The transition from the stem-like Ly108+TCF1+ state to the pathogenic ST2+CD25+ state involved a simultaneous increase in HIF2α and GATA3 expression, indicating a coordinated role of these transcription factors. Indeed, the absence of HIF2α reduced GATA3, and genome analysis identified HIF2α binding sites on the Gata3 promoter, corroborated by luciferase assays and ChIP analysis, supporting a direct regulatory mechanism. Additionally, GATA3 modulates HIF2α expression, establishing a positive feedback circuit for these two transcription factors to promote Th2 cell differentiation. scRNA-seq and CUT&Tag analysis unveiled the collaborative regulation of key genes in the differentiation of pathogenic Th2 cells by HIF2α and GATA3. Pathway analysis further demonstrated their coordination in the modulation of phosphatidylinositol metabolites in Th2 cells, with HIF2α playing a pivotal role in the activation of the PI3K-AKT pathway during Th2 cell differentiation. By focusing on key genes co-regulated by HIF2α and GATA3 in the phospholipid pathway, the authors identified Ipmk, the gene encoding inositol polyphosphate multikinase (IPMK) which converts PIP2 to PIP3 activating the PI3K-AKT pathway. Indeed, Th2 cells deficient in HIF2α displayed reduced expression of IPMK, leading to impaired PI3K-AKT activation. Furthermore, overexpression of IPMK into HIF2α-deficient T cells restored Th2 cell differentiation. Thus, HIF2α and GATA3 coordinately support IPMK which increases AKT stimulation downstream of TCR stimulation leading to the pathogenic state of Th2 cells that promotes airway inflammation.

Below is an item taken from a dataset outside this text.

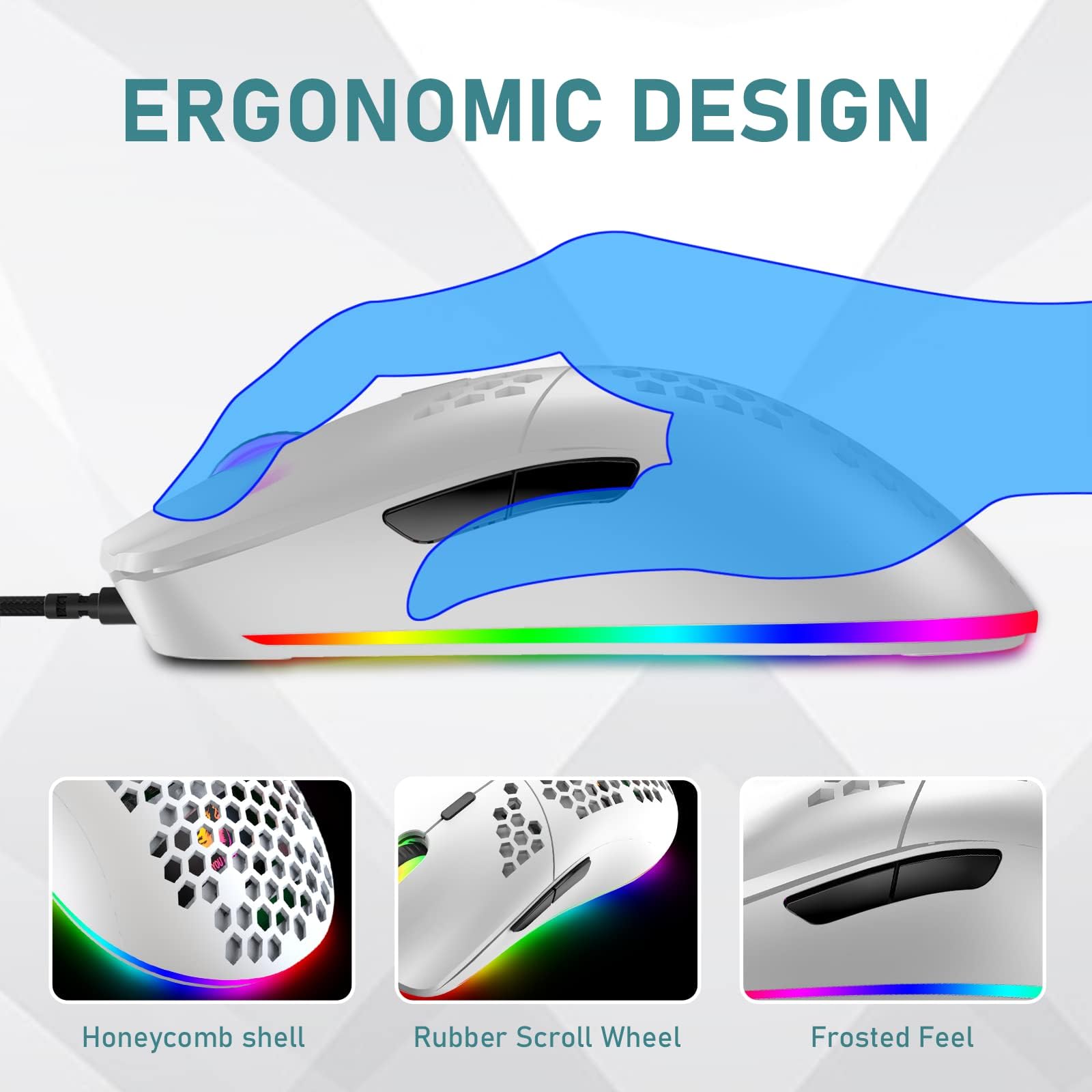 LexonElec MK21 Set Mouse con Tastiera Meccanica al 60% Wired, UK Layout 62 Tasti Tastiera da Gioco Backlit Chroma RGB + 6400DPI Mouse Ultraleggero + Mouse Pad Per PS4, Xbox, PC - Red Switch/Bianco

Collectively, these data identify a pivotal role of HIF2α in driving the pathogenic differentiation of Th2 cells in asthma, pinpointing it as a potential therapeutic target. Excitingly, administration of PT-2385, a specific inhibitor of HIF2α led to a substantial reduction in the frequency of Th2 cells and expression of Th2-associated genes in a murine allergic asthma model, aligning with observations in HIF2α-deficient mice. Moreover, PT-2385 treatment attenuated the presence of pathogenic Th2 cells and decreased pathway enrichment scores linked to type 2 immune responses, cytokine production, PI3K activation, and TCR signaling in both pathogenic and stem-like Th2 cells. Thus, HIF2α inhibitors such as PT-2385 exhibit potential as a therapeutic agent for asthma by targeting HIF2α-driven Th2 cell inflammation.

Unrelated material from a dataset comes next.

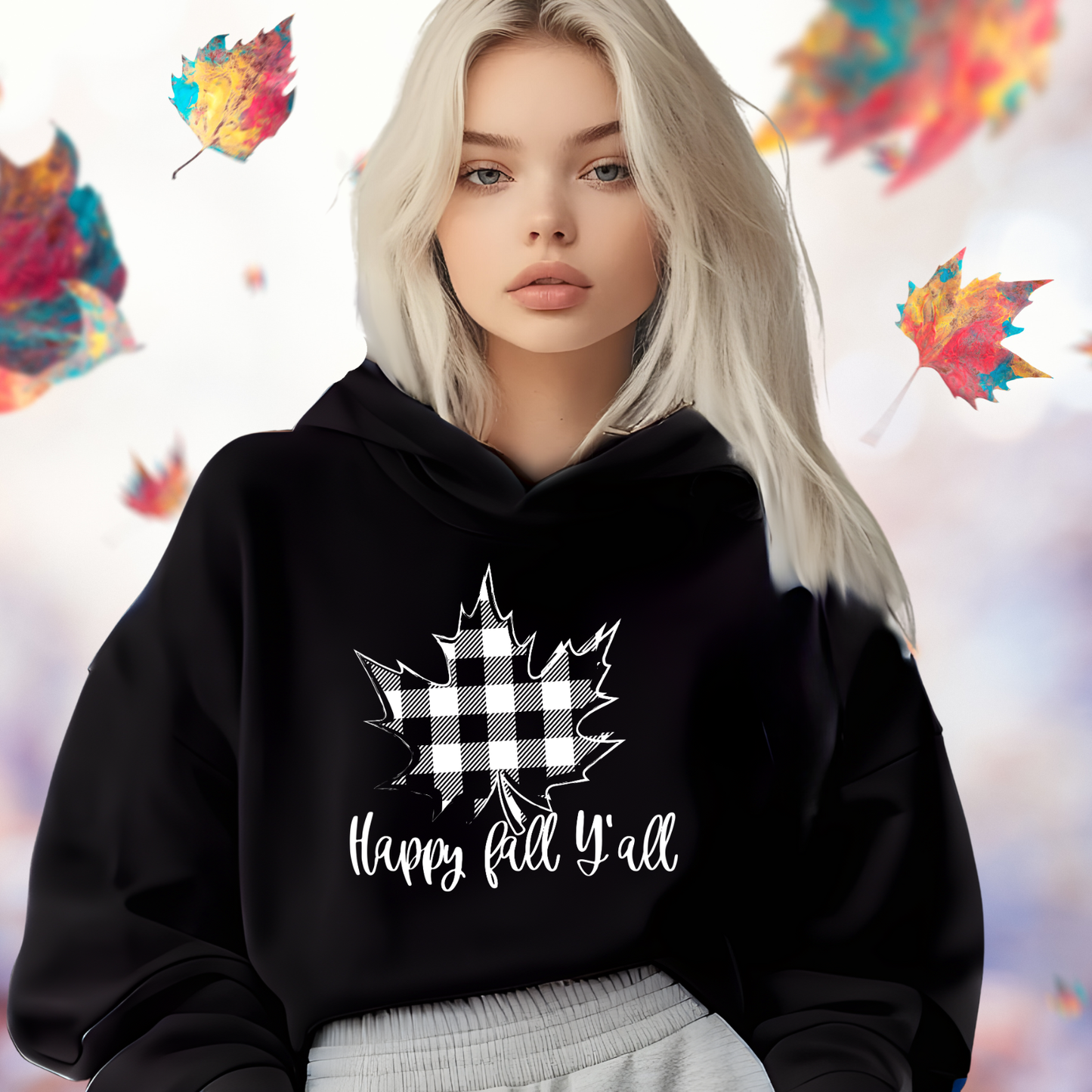 Happy Fall Y’all Crop Hoodie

One area implied but left unaddressed was the timing of HIF2α’s role in the Th2 cell response and the necessity of hypoxic airways to promote HIF2α activity. Murine models in this study relied on systemic (i.p.) priming with OVA antigen prior to inhalation, implying that HIF2α impacts effector Th2 cell differentiation only in the lung, but perhaps not the initiation of the Th2 cell response when allergen sensitization occurs. Furthermore, it is unclear if HIF2α activation requires a hypoxic lung environment or whether it can perform these functions regardless of the oxygen status of the airways. Future research aimed to investigate the impact of HIF2α signaling in Th2 cells across various tissues and disease contexts beyond asthma would be of interest. This study supports previous research indicating that HIF2α deficiency does not affect Treg cell development.6 However, Treg cells lacking HIF2α demonstrate a reduced ability to suppress effector T cell-induced colitis and airway hypersensitivity, suggesting additional work may be important to resolve the heterogeneity of HIF2α-deficient Treg cells in conditions such as asthma. Furthermore, HIF2α signaling in hypoxic airways in lung epithelial club cells leads to ILC2 activation and inflammation.7 This suggests targeting HIF2α may have roles in several cells in hypoxic airways. Finally, the HIF2α inhibitor PT-2385 has shown promise in inducing tumor regression as a potential therapeutic option for treating renal cell carcinomas (RCC).8 Leveraging the findings from this study, there is a prospect of repurposing PT-2385 to alleviate asthma by modulating immune responses associated with airway hyper-responsiveness and inflammation. However, considering the chronic nature of asthma, a comprehensive evaluation of the long-term safety and efficacy profile of PT-2385 is crucial. Collectively, the findings by Zou and colleagues bring to light another important co-regulator of GATA3 and Th2 cell development by identifying HIF2α as a driver of Th2 cell differentiation in allergic asthma. In addition, their work highlights the heterogeneity of the Th2 cell response to allergens while providing a new therapeutic target in HIF2α that may provide an exciting opportunity for clinical treatment of patients with allergic asthma.
ACKNOWLEDGMENTS
Funding sources: NIH R01AI153104, NIH R21AI156093, American Lung Association Innovation Award (A.C.P.). Figure was created in BioRender. Poholek, A. (2024) https://BioRender.com/q21o725.
Footnotes
DECLARATION OF INTERESTS
The authors declare no competing interests.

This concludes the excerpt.